Alexander Cockburn, columnist for the Nation and author of Corruptions of Empire and The Golden Age Is In Us, has long been regarded as an enforcer of far-left orthodoxy. But in recent months, Cockburn has taken an unorthodox stance on such issues as the militia movement, the “county supremacy” movement, and federal police power. When Cockburn spoke in Madison, Wisconsin, during a tour to promote The Golden Age Is In Us, he said in response to a question from the audience that he would not oppose abolishing the BATE or reducing the powers of the FBI. He has also made a serious effort, in the Nation and other publications, to change the prevailing image of militia members as tobacco-chewing, “nigger-hating” rednecks.

After attending a gun rally in Michigan last June, Cockburn reported in the Nation that far from being the “mini-Nuremberg” other leftists had predicted, the event was tame and marked by civility.
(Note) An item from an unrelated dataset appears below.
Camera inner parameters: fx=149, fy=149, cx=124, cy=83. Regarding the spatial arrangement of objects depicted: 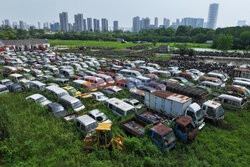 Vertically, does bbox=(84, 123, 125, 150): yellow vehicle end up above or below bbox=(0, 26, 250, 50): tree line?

The literature sold there conveyed “the usual reasonable populist concern with government surveillance and the threat of world government.”

In a July issue of the Nation, Cockburn finds it “disheartening to find out how many on the left-liberal end of the spectrum hope earnestly for a ferocious pogrom against the militias and all those ‘linked’ to them . . . and, at the end of the day, summary fusillades by government SWAT teams to finish off the dissenters,” In another issue last summer, he complained of “a post-Oklahoma City cottage industry in left-pwog journalism, featuring the whole of redneck or working- class America as part of some vast neo-Nazi or K.K.K. network, thus giving an agreeable frisson to the genteel reader.”

In Cockburn’s view, leftists have made a grave mistake in failing to understand—and often misrepresenting—the nature and aims of the militias. In the June 26 Nation, Cockburn wondered, “How come people oppressed by economic circumstances and government predations who take up arms and defy the state in southern Mexico are hailed in The Nation and other pwog publications as virtuous revolutionaries, whereas those in the West and Midwest who do the same thing are reflexively denounced as Nazis?” Cockburn recommended that “instead of whining on about the right, and discovering to its apparent stupefaction that the N.R.A. and Pat Buchanan direct their appeals to the right. The Nation should try to offer some political vision, develop positive programs of its own, and stop . . . remitting info to the F.B.I, about the redneck menace.